#### [WHAT THE TASK REQUIRES]
Only the lines below from the one containing "Wooden colorful frog" through the last line should be set down, exactly as written and with no pictures.

#### [DATA SHOWN]

┄┄┄┄┄┄┄┄┄┄

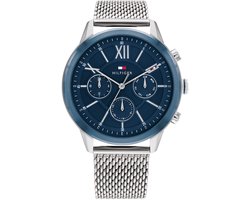 Tommy Hilfiger TH1710524 Heren Horloge - MORRISON - Mineraalglas - Staal - Zilverkleurig - 44 mm breed - Quartz - Druksluiting - 5 ATM (douchen)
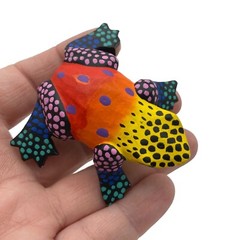 Wooden colorful frog brooch yellow orange spotted lapel pin light weight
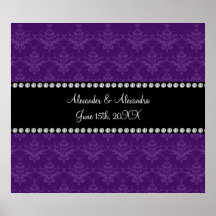 El boda favorece el damasco púrpura posters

┄┄┄┄┄┄┄┄┄┄

#### [RESPONSE AREA]
 Wooden colorful frog brooch yellow orange spotted lapel pin light weight
 El boda favorece el damasco púrpura posters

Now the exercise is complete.